==== EXERCISE INPUTS

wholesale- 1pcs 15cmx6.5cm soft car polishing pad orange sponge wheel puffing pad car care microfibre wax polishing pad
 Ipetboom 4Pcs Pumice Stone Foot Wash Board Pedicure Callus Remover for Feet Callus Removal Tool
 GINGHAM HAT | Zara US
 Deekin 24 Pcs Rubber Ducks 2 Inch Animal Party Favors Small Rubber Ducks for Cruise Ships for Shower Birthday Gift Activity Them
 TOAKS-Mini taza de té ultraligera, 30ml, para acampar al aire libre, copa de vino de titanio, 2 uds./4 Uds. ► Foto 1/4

========

TASK TO CARRY OUT — Please retype the whole of the material above exactly.

SOLUTION FOR THIS PROBLEM —
wholesale- 1pcs 15cmx6.5cm soft car polishing pad orange sponge wheel puffing pad car care microfibre wax polishing pad
 Ipetboom 4Pcs Pumice Stone Foot Wash Board Pedicure Callus Remover for Feet Callus Removal Tool
 GINGHAM HAT | Zara US
 Deekin 24 Pcs Rubber Ducks 2 Inch Animal Party Favors Small Rubber Ducks for Cruise Ships for Shower Birthday Gift Activity Them
 TOAKS-Mini taza de té ultraligera, 30ml, para acampar al aire libre, copa de vino de titanio, 2 uds./4 Uds. ► Foto 1/4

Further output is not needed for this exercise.